=== RECORDED DATA ===
╭──

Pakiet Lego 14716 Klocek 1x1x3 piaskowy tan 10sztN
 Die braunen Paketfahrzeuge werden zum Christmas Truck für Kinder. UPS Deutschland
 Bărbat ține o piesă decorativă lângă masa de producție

╰──

=== WORK ORDER ===
Without any change, reproduce the listing above in full.

=== ANSWER TO THE EXERCISE ===
Pakiet Lego 14716 Klocek 1x1x3 piaskowy tan 10sztN
 Die braunen Paketfahrzeuge werden zum Christmas Truck für Kinder. UPS Deutschland
 Bărbat ține o piesă decorativă lângă masa de producție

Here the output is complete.